Problem to solve.
Repeat the data in full. Drop every picture.

Data entries

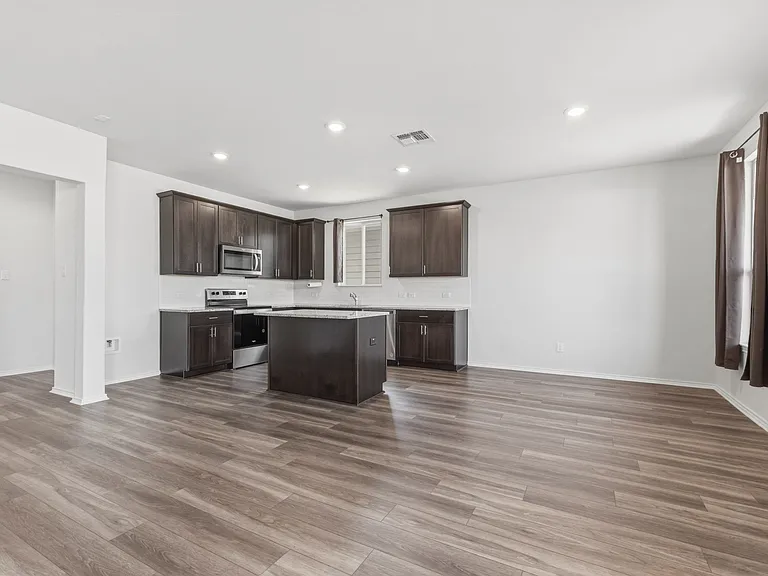 201 Katie Elder Dr — Photo 8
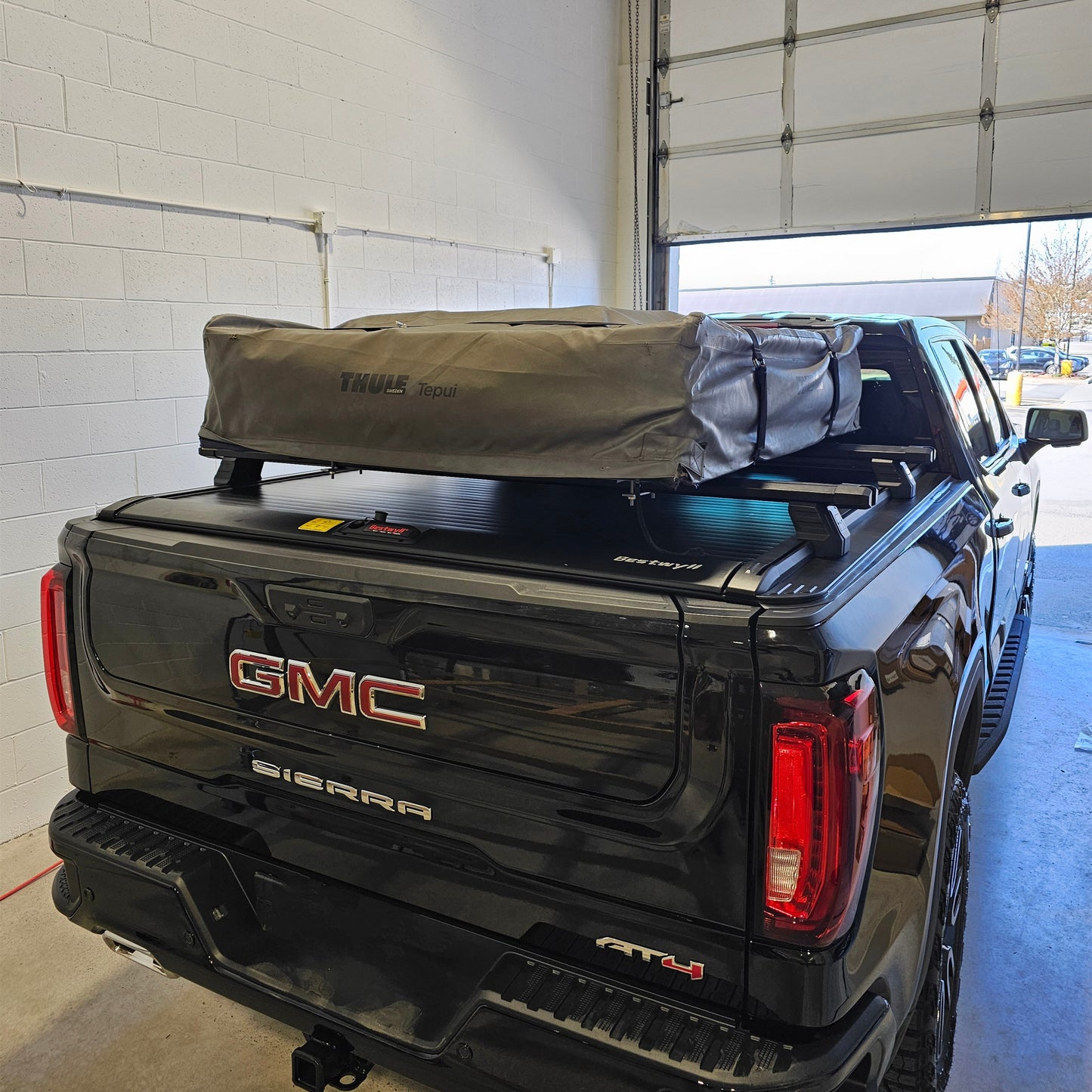 Bestwyll Retractable hard Tonneau Cover-Manual fits TOYOTA Tacoma 5' 6' bed Tundra 5.5' 6.5' bed cover Aluminum matte black profile waterproof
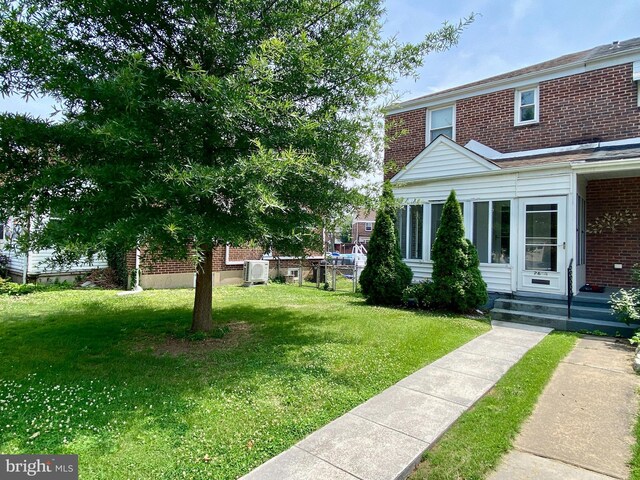 2634 Yorkway, Baltimore, MD 21222 - view of green lawn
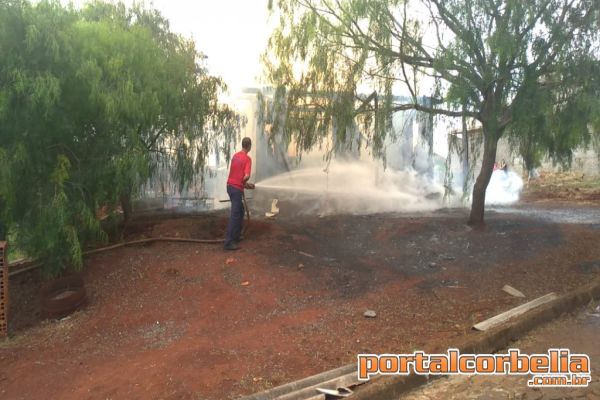 Casa fica destruída em incêndio na vila São José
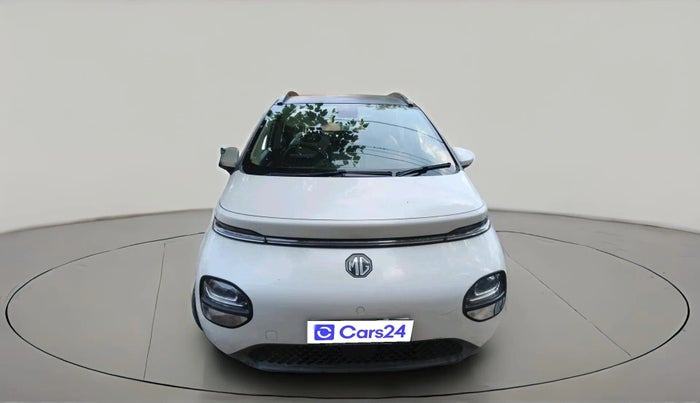 2024 MG Windsor EV Excite, Electric, Automatic, 29,045 km, exterior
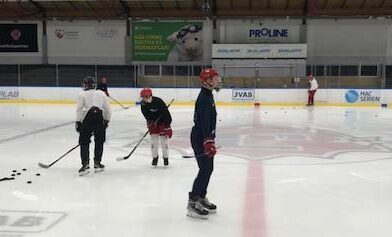 Hockeyutbildning på Järfälla gymnasium mer populär än någonsin: “Högt tryck”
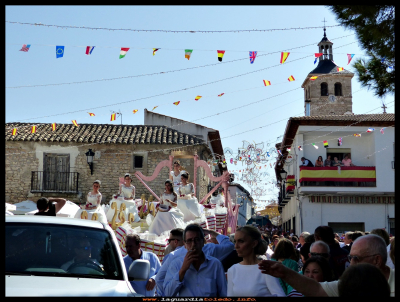 Llegada a la plaza
Fiestas 2017.24 de Septiembre, llegada a la plaza Mayor la comitiva de carrozas. 
Palabras clave: Fiestas 2017 carrozas plaza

Output of the task.
 201 Katie Elder Dr — Photo 8
 Bestwyll Retractable hard Tonneau Cover-Manual fits TOYOTA Tacoma 5' 6' bed Tundra 5.5' 6.5' bed cover Aluminum matte black profile waterproof
 2634 Yorkway, Baltimore, MD 21222 - view of green lawn
 Casa fica destruída em incêndio na vila São José
 2024 MG Windsor EV Excite, Electric, Automatic, 29,045 km, exterior
 Hockeyutbildning på Järfälla gymnasium mer populär än någonsin: “Högt tryck”
 Llegada a la plaza
Fiestas 2017.24 de Septiembre, llegada a la plaza Mayor la comitiva de carrozas. 
Palabras clave: Fiestas 2017 carrozas plaza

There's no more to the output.